# Exercise description:
Pull out of the data below the stretch of lines bounded by the one containing "優(yōu)艾智合：智能巡檢" and the one containing "Vsett 10+ super", both bounds included, unchanged.

# Provided data:

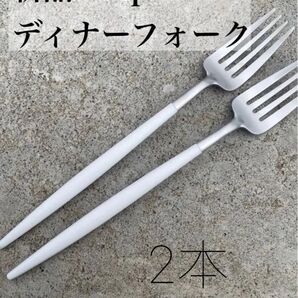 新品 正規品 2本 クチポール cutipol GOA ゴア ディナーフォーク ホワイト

* * *

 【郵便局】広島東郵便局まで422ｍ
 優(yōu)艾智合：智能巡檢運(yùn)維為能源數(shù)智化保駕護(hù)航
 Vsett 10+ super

* * *

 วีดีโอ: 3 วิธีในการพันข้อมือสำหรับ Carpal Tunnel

# Reply:
 優(yōu)艾智合：智能巡檢運(yùn)維為能源數(shù)智化保駕護(hù)航
 Vsett 10+ super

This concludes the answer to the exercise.